In 2016, it was Susie’s daughter that had urged her to investigate getting him closer to the family. “I didn’t know how we can do that, and I wasn’t familiar with the housing options,” said Susie.
She asked around and her son-in-law knew about the Van Wert County Board of DD (VWCBDD). She was connected to Tina an SSA (Service and Support Administration) at VWCBDD. In November 2016, Tina and Susie began the transition process.
“There were so many pieces to put into place. We had to get all his doctors and medical needs figured out,” said Susie.
“It took us 6 months to get him home. We had to find a provider and he needed specialists lined up. We had to take all the paperwork and formulate a plan,” said Tina, SSA.
Through the VWCBDD, Terry qualified for a funded waiver to get out of the facility and get back into the community. Funding was also available for getting furniture and living essentials for his new residence.

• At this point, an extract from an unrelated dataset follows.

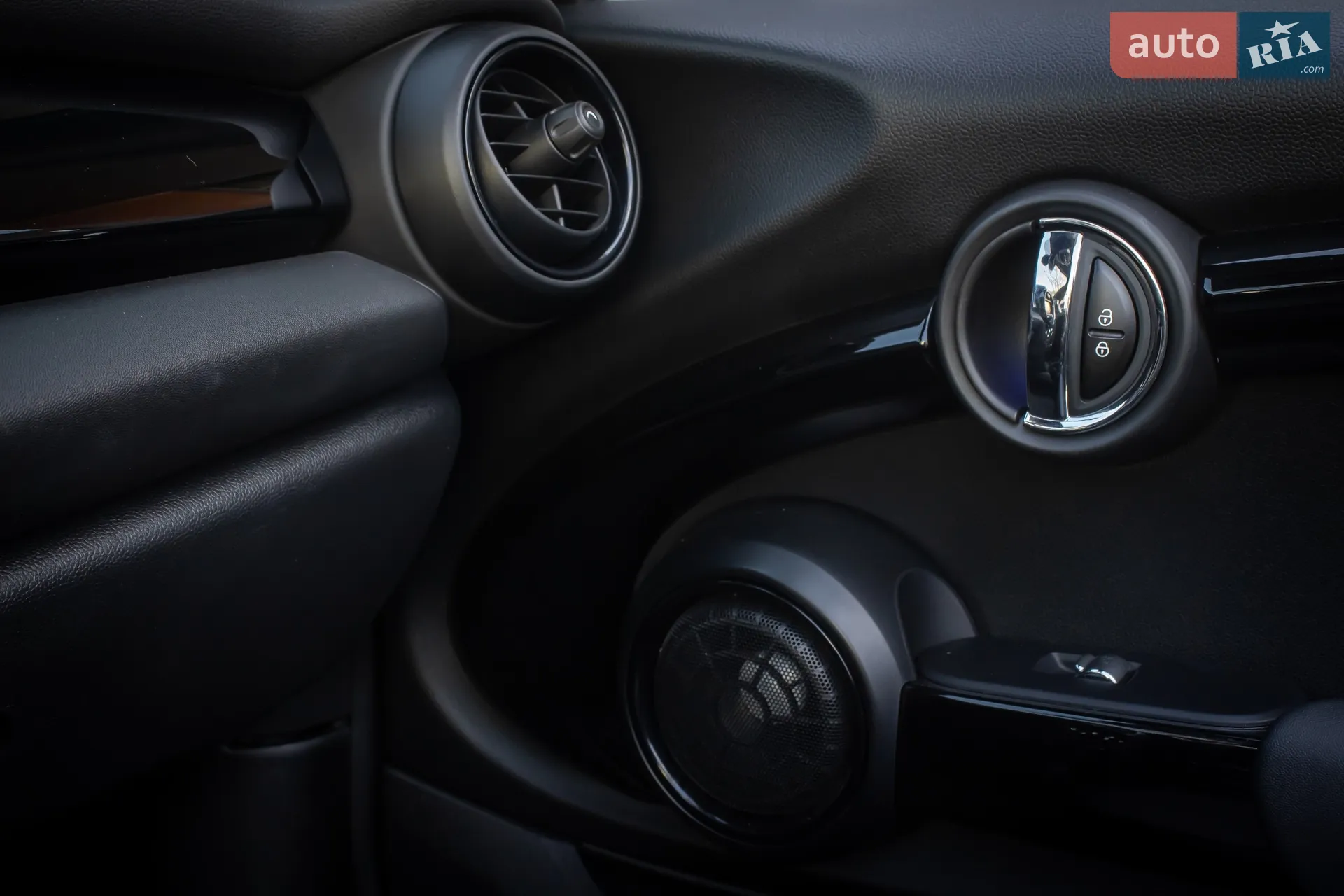 2016 MINI Cooper - мініатюра 29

Terri’s 2 year anniversary of being back home is coming up. He lives with two other men in a Van Wert County Housing Board home, and one of his roommates attended the Thomas Edison school with him as a boy. He loves holidays, and he has a tree at his house he can decorate for all the different holidays.
Susie said her biggest concern was making sure this was the best decision for Terry. “This isn’t about us, this should be about him. Is this good for him?” said Susie.
It was good for everyone. Terry is very happy attending the Thomas Edison Center during the week, where he has become very social and loves making crafts and painting.
Another convenience, Tina explained, is that Terry can visit with his psychiatrist through Telemedicine right in the conference room at Thomas Edison Center.
Susie has 9 grandchildren and said that Terry calls them his grandkids. “He is crazy about family. And now he can be a part of the holidays and the birthdays. It’s just nice to be able to stop out and see him,” Susie said.
“I’ve been in this job for 27 years, and this is one of the coolest things I’ve done in my career,” said Tina. “He’s so happy.”